The New Deal in America
A Social Revolution in the 1930's ?
March 9, 2010:
How Revolutionary was the New Deal
and What is its Legacy in American society ?
Allan Lewis, 2003
"Revolution" is defined by one version of Webster's Dictionary as, firstly, "a fundamental change in political organization,
especially the overthrow or renunciation of one government or ruler and the substitution of another by the governed" and
secondly, as "an activity or movement designed to effect fundamental change in the socioeconomic situation". Was Franklin
Delano Roosevelt's New Deal program during the Great Depression of the 1930's in the United States a revolution as
described by either or both of the above definitions?

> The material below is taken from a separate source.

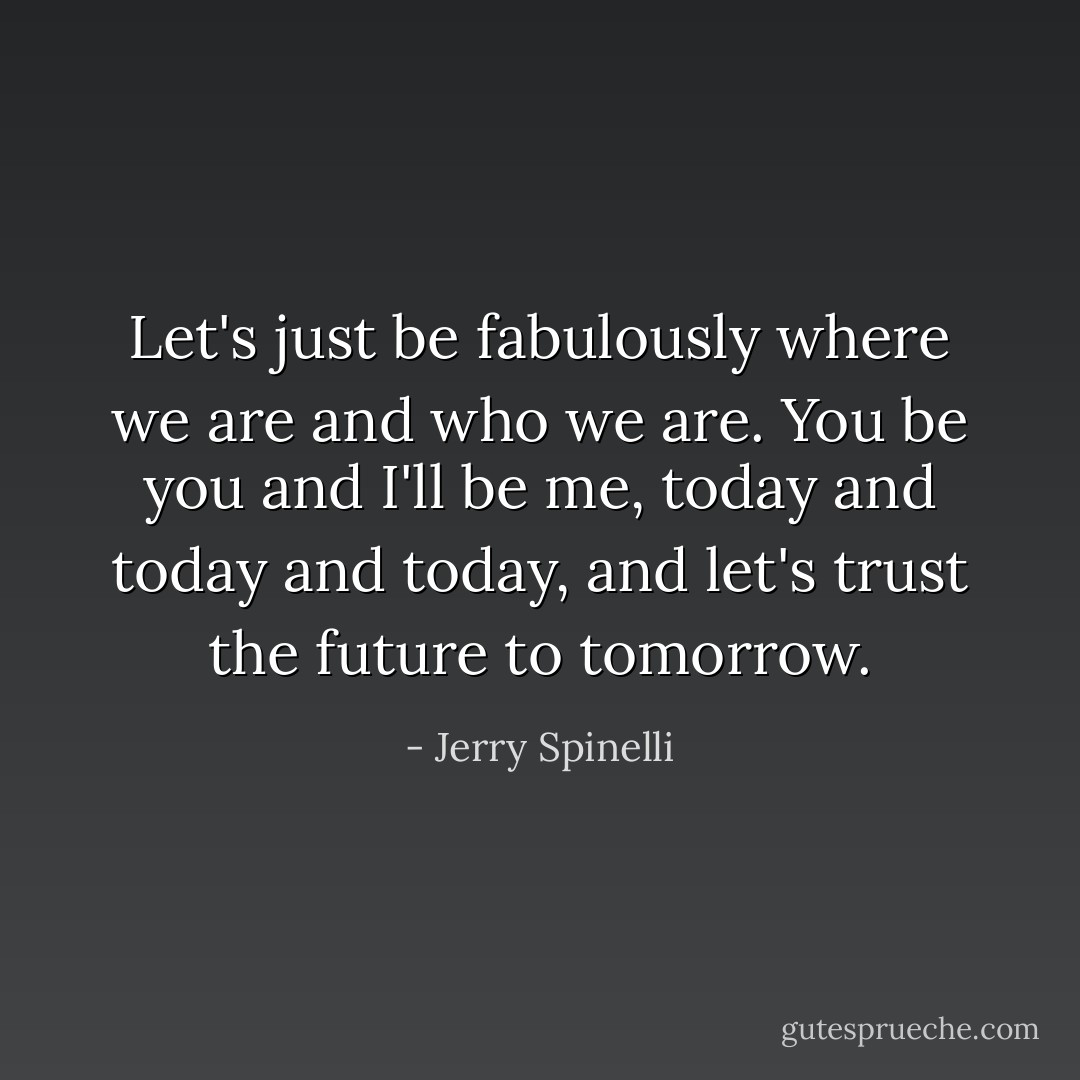 Let's just be fabulously where we are and who we are. You be you and I'll be me, today and today and today, and let's trust the future to tomorrow. - Jerry Spinelli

The Great Depression began with the stock market collapse in October of 1929. Republican Herbert Hoover was the incumbent
president and would be in office until succeded by Roosevelt, a Democrat, in early 1933. Hoover's economic and social
policies had been mostly a traditional laissez-faire stance: minimal government intervention, balanced budgets, low taxes
on the wealthy, and high protective tariffs. He had served as Secretary of Commerce and assumed that the traditional
rugged individualism of the American Republic would see the country through any recession. But, the usual forms of
social security provided by private charity, municipal and state governments were overwhelmed by the magnitude of the
Depression. The election of Roosevelt (a successful reform governor from New York), signalled the beginnings of more
active state intervention to help alleviate the hardship endured by millions of persons as a result of downturns in the
business cycle -- hardships to which they were subjected through no fault of their own.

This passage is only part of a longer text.